Jan. 23 (Bloomberg) — For Li Ka-shing, Asia’s richest man, 2015 is turning out to be a busy year.

Li’s Hutchison Whampoa Ltd. said today it’s in exclusive talks to buy U.K. wireless carrier O2 for as much as 10.25 billion pounds ($15 billion), three days after Li-controlled units agreed to purchase a British rail business for more than 1 billion pounds. Two weeks ago, the octogenarian announced his biggest deal yet: the $20 billion-plus merger of Cheung Kong Holdings Ltd. and Hutchison Whampoa, his two main companies.

Li, 86, isn’t done.
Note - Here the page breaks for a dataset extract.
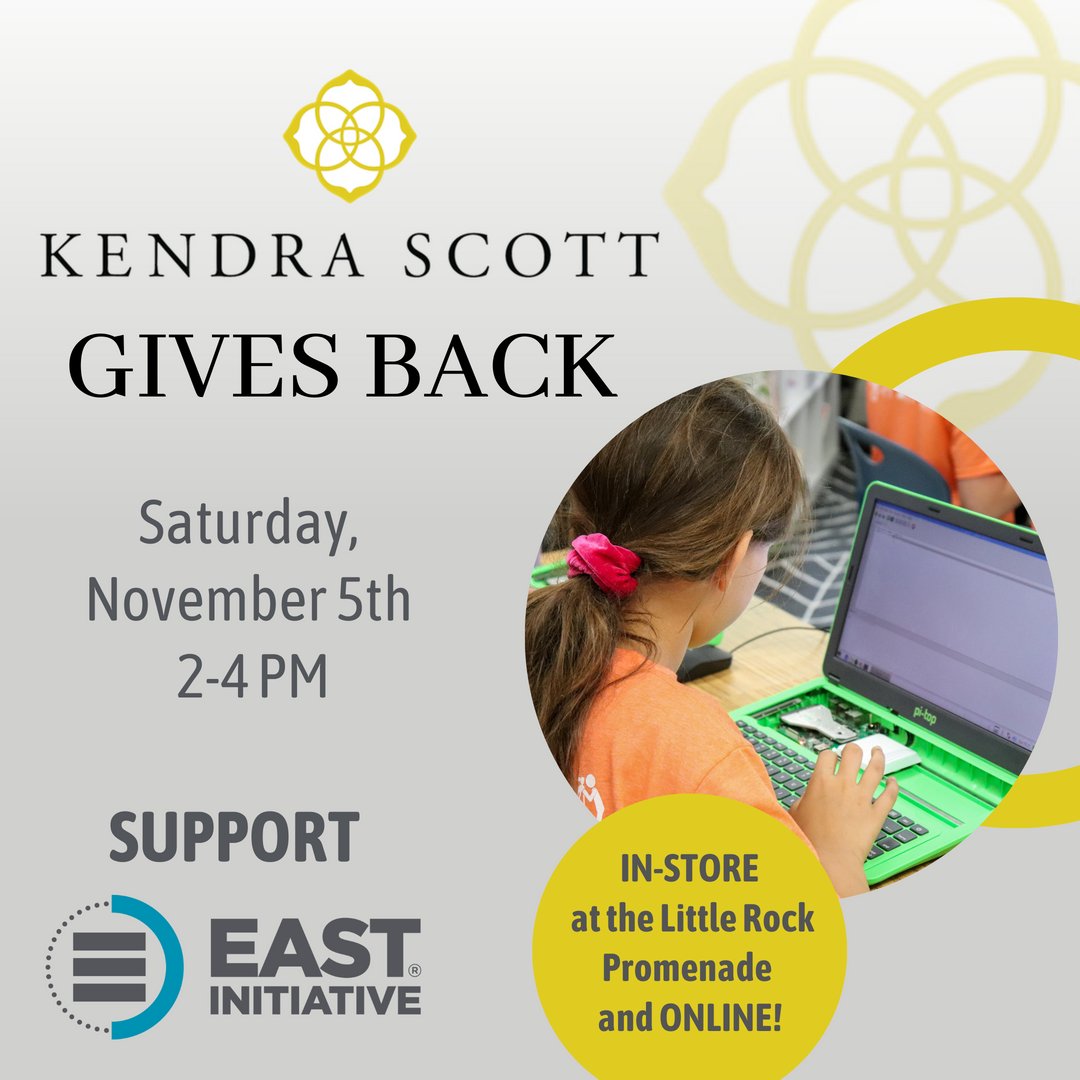 EASTinitiative's tweet photo. Thinking of buying a special someone (or yourself) some jewelry for the holiday season? If so, mark your calendars to join us at Kendra Scott's Little Rock location as 20% of proceeds will directly #SupportEAST! https://t.co/5Sn2MsVQ1U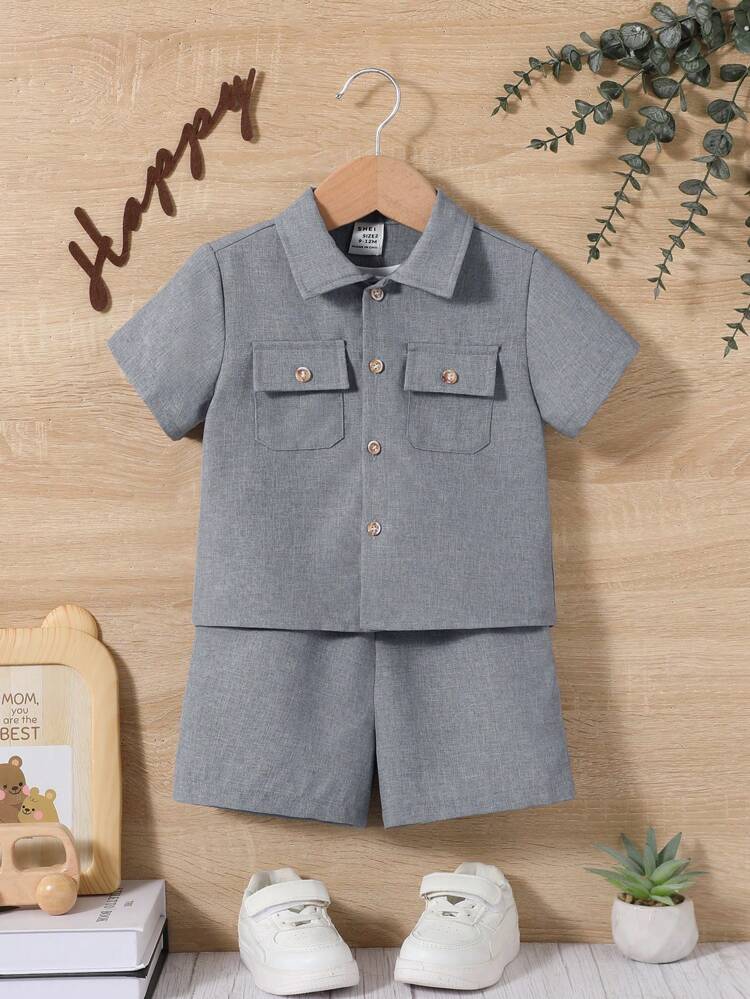 Baby Boys' Plain Color Shirt And Shorts Casual 2pcs Outfit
One of his companies is among bidders for Fortum Oyj’s Swedish electricity grid, a sale people familiar with the matter have estimated could fetch more than $5 billion, and more deals may be on their way. The flurry of activity comes as the tycoon, so revered by Hong Kong’s media they call him “Superman,” reorganizes his business empire before handing over the reins to his eldest son, Victor Li.

“The profile of the company is slowly changing to becoming one where the regulated utility type of cash flow is becoming more significant,” said Kalai Pillay, head of Asia-Pacific Industrials research at Fitch Ratings in Singapore. “They will be looking at things that are more long term cash.”